## EXERCISE DIRECTIONS
In the data that follows, every line containing the word "Sciatica" should be returned.

*** SOURCE MATERIAL ***

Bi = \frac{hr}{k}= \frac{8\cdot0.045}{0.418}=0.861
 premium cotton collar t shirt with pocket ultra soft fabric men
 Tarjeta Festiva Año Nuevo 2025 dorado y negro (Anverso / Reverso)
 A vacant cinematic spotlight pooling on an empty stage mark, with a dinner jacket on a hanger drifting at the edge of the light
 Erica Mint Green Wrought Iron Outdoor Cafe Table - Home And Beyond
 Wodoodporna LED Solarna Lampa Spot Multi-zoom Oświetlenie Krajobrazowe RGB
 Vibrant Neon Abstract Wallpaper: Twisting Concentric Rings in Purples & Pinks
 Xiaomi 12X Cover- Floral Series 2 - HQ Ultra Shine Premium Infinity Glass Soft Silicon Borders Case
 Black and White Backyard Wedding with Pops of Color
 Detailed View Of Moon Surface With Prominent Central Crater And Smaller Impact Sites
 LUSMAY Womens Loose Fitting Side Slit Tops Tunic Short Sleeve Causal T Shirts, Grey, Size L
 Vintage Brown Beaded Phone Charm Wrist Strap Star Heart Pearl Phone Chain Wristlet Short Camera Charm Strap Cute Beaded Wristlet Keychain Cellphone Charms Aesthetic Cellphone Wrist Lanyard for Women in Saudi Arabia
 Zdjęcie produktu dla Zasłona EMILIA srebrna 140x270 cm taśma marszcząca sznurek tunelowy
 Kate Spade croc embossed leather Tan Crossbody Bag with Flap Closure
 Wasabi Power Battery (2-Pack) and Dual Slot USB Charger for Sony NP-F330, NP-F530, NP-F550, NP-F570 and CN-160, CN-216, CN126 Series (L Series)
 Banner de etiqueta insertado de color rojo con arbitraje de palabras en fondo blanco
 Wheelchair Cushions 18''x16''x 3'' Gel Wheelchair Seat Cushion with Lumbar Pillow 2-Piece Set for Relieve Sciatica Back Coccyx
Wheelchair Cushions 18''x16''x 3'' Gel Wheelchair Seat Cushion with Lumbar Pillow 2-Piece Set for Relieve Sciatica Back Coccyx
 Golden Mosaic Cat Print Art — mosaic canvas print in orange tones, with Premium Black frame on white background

*** End of SOURCE MATERIAL ***

## EXERCISE OUTPUT
 Wheelchair Cushions 18''x16''x 3'' Gel Wheelchair Seat Cushion with Lumbar Pillow 2-Piece Set for Relieve Sciatica Back Coccyx
Wheelchair Cushions 18''x16''x 3'' Gel Wheelchair Seat Cushion with Lumbar Pillow 2-Piece Set for Relieve Sciatica Back Coccyx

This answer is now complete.